DPO (Direct Preference Optimization) and related methods avoid an explicit online RL loop by optimizing from pairwise preferences in a way derived from the RLHF objective — still preference-driven alignment, but not “PPO on tokens” in implementation. The MDP is still the right mental model for what is being aligned (sequential decisions under a goal), even when the optimizer is not vanilla policy gradients.

A Practical Decision Landscape (Not Five Silos)

The field is messier than any chart, but this is a useful lens for choosing tooling:

Situation	Common approach
Known reward, safe exploration	Forward RL (e.g. PPO, Q-learning variants)
Expert demos, unclear reward	IRL / imitation / inverse-optimal-control style methods
Broad open-ended language capability	Pretrained LM (supervised / next-token objective)
Align to human taste or policy	RLHF, DPO-class preference training, or hybrids
Multi-step tools + retrieval + planning	Agentic systems (often LM policy + search / ReAct-style loops)

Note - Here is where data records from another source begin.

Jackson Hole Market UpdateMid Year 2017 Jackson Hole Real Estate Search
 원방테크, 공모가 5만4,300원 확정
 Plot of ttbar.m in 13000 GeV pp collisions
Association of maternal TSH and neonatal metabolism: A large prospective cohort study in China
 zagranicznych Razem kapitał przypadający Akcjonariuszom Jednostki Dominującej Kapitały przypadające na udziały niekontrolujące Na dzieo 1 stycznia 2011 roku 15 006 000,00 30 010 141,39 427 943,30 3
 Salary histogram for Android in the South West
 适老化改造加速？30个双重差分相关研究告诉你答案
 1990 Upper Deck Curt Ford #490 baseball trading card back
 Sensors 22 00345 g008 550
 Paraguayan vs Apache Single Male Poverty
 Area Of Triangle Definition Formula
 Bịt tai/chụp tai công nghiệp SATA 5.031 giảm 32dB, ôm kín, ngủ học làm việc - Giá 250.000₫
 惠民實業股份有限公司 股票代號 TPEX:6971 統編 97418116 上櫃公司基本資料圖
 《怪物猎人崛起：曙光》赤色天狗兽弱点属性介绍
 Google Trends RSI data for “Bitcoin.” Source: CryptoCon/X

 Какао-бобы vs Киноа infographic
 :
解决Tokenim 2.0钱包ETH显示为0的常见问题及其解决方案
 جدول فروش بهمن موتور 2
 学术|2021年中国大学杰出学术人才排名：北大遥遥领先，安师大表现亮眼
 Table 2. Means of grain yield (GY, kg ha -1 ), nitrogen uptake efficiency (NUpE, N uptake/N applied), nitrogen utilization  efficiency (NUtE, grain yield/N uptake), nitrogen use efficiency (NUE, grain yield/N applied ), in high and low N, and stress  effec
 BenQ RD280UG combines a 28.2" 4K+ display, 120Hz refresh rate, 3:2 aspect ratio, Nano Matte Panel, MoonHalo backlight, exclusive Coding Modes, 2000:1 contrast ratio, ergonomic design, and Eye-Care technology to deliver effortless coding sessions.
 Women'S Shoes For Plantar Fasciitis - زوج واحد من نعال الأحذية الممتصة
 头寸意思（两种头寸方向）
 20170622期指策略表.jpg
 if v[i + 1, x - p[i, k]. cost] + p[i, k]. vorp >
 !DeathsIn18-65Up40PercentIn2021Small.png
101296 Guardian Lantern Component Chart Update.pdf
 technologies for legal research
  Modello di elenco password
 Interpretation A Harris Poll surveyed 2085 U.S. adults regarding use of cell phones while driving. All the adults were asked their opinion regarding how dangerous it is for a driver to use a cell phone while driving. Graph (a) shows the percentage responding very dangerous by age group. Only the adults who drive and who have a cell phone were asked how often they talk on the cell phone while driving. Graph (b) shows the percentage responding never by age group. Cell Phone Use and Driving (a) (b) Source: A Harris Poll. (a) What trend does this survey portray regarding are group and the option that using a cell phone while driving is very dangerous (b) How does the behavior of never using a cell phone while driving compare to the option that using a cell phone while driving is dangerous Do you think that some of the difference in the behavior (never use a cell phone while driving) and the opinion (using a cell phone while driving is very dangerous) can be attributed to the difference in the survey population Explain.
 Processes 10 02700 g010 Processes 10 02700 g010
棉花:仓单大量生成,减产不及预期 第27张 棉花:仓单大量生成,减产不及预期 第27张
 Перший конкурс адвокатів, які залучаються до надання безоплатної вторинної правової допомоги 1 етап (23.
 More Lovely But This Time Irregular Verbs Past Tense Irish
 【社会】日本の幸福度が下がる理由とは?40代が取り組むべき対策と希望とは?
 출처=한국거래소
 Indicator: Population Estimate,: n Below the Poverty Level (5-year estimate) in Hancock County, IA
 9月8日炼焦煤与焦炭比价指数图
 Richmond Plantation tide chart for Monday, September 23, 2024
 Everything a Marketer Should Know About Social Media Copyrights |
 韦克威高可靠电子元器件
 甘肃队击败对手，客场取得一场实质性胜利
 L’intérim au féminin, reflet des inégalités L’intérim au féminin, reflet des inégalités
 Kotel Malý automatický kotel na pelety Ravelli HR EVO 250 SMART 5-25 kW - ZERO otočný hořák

Agentic systems stack LLMs (policy / world-model substrate), search or tree exploration, RAG (state enrichment), and tools (expanded actions). Under the hood it is still: maintain state, choose actions, observe outcomes, repeat — with stochasticity from both the model and the environment.

The Engineering Takeaway

You do not need to re-derive Bellman on a whiteboard every sprint. You do need to:

Separate problem definition from algorithms — clarify (\mathcal{S}, \mathcal{A}, R) before debating PPO vs. DPO vs. prompts.
Treat alignment bugs as reward–policy interaction, not vague “personality.”
Design memory and retrieval as state construction when Markov fails.
Ask what each agent demo actually optimizes — implicit reward, success predicate, or human-in-the-loop only.

The MDP is not a graduate-school ornament. It is the backbone that makes much of RL debuggable and much of sequential AI legible — whether or not your README says “Markov.”

I use this as a mental map when I design or debug these systems — one view of how the MDP core connects to RLHF, IRL, and agentic design choices in practice.

Markov Mind Map

Figure: MDP mind map — from formal definition to RLHF and agentic system mapping.

References

Bellman, R. Dynamic Programming. Princeton University Press, 1957.
Puterman, M. L. Markov Decision Processes: Discrete Stochastic Dynamic Programming. Wiley, 1994.
Sutton, R. S., & Barto, A. G. Reinforcement Learning: An Introduction (2nd ed.). MIT Press, 2018. incompleteideas.net
Ng, A. Y., & Russell, S. “Algorithms for inverse reinforcement learning.” ICML, 2000.
Ziebart, B. D., Maas, A. L., Bagnell, J. A., & Dey, A. K. “Maximum entropy inverse reinforcement learning.” AAAI, 2008.
Ouyang, L. et al. “Training language models to follow instructions with human feedback.” NeurIPS, 2022. arxiv.org/abs/2203.02155
Schulman, J. et al. “Proximal Policy Optimization Algorithms.” 2017. arxiv.org/abs/1707.06347
Rafailov, R. et al. “Direct Preference Optimization: Your Language Model is Secretly a Reward Model.” NeurIPS, 2023. arxiv.org/abs/2305.18290
Yao, S. et al. “ReAct: Synergizing Reasoning and Acting in Language Models.” ICLR, 2023. arxiv.org/abs/2210.03629
OpenAI. “Sycophancy in GPT-4o: What happened and what we’re doing about it.” April 2025. openai.com
Kaelbling, L. P., Littman, M. L., & Cassandra, A. R. “Planning and acting in partially observable stochastic domains.” Artificial Intelligence, 101(1–2), 99–134, 1998.